Sasza Załuska, profilerka z twojego cyklu powieściowego „Tetralogia żywiołów”, to w dużym stopniu twoje alter ego?

– To zbyt proste. Każdą postać tworzę od zera i każdą z nich jestem. Tak samo jak Saszą jestem i Słoniem, i księdzem, a nawet Waldemarem Gabrysiem z „Pochłaniacza”. To dzieło autorskie, nie matematyka. Sasza jest zbudowana na archetypie Amazonki, ale wzorowana na prawdziwej profilerce z Instytutu w Huddersfield w Wielkiej Brytanii. Spotkałam się z nią, rozmawiałyśmy wiele razy. Czasem tylko Załuska mówi jak ja, albo tak właśnie bym się zachowała w sytuacji konfliktu bądź porażki. Ludzie widzą w niej mnie, ponieważ również jestem dzielna i mówię, co myślę. Staram się robić to, co robię, jak najlepiej potrafię. To podstawa, nie mam nic innego. W pisaniu nie ma miejsca na chałturę, rutynę, spokój. Zawsze wciągasz kamień Syzyfa na górę samotnie. Sasza postępuje tak samo. Ma jedynie inny zawód.

Nie za łatwy.

– To o wiele trudniejsza robota niż moja, zapewniam. Ale czytelnik czuje integrację, emocje łączące pisarza z postacią. Czuje je i czyta, czy to jest prawdziwe, czy trafia do jego serca. Jeśli ludzie mówią, że Sasza jest Bondą, to dla mnie komplement. To znaczy, że udało mi się ją zbudować wiarygodnie jako postać. Pisarz każdą postać transponuje przez siebie i choć nie używam swojego życiorysu, nie da się od siebie uciec. Sasza to cała ja, sprzed zaledwie roku, dwóch lat – emocjonalnie. Zajęło mi 10 lat, żebym mogła napisać taką postać. Wcześniej się bałam, nie czułam się gotowa, by taki manewr literacko udźwignąć. Nie lubię epatowania swoimi historiami. Trzeba rozumieć, kiedy są przydatne do budowy postaci, a kiedy są tylko wypłakiwaniem się z osobistych problemów czytelnikom. Saszę stworzyłam, bo drażniło mnie, że nie ma w polskiej literaturze rozrywkowej pełnokrwistej, samodzielnej profesjonalistki, która musi się zmagać z życiem, zawodem, związkami. One wszystkie, nawet w powieściach kryminalnych, lepią ciasto i mają intuicję. Dopiero potem okazało się, że taką bohaterkę mogę nakarmić swoją biografią i osobowością.

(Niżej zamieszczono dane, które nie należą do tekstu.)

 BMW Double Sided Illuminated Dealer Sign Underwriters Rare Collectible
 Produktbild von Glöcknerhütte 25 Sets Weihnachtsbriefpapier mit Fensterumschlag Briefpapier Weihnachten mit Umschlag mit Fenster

W „Pochłaniaczu” penetrujesz ciemne strony Trójmiasta. Jestem pod wrażeniem skrupulatności topograficznej – miejsca, ulice, nazwy, klimat są jak żywe. I nie chwalę na potrzeby tej rozmowy. Studiowałem tam, więc wiem, że mnie jako czytelnika nie oszukujesz.

– Uprawiam jednocześnie fikcję literacką i piszę książki dokumentalne. Byłam przez lata dziennikarką, miałam romans z telewizją i filmem. To wszystko pozornie różne bajki, ale cały czas chodzi o opowieść. Wierzę, że płodozmian jest dobry. Nie wykluczam, że pomiędzy „Ziemią” a „Ogniem” (kolejne tomy serii o Załuskiej – przyp. red.) nie napiszę następnego dokumentu. Ważne jest dla mnie coś innego: „Wiarygodność fabularna. Magia opowieści. Struktura”. Niezależnie od tego, czy czytasz moje „Polskie morderczynie” czy „Pochłaniacza” – znajdziesz tam te trzy kluczowe elementy. To właśnie sprawia, że kiedy ludzie „wpadną w Bondę”, czytają wszystko jak leci. Zapraszam ich do mojego świata i oprowadzam po nim.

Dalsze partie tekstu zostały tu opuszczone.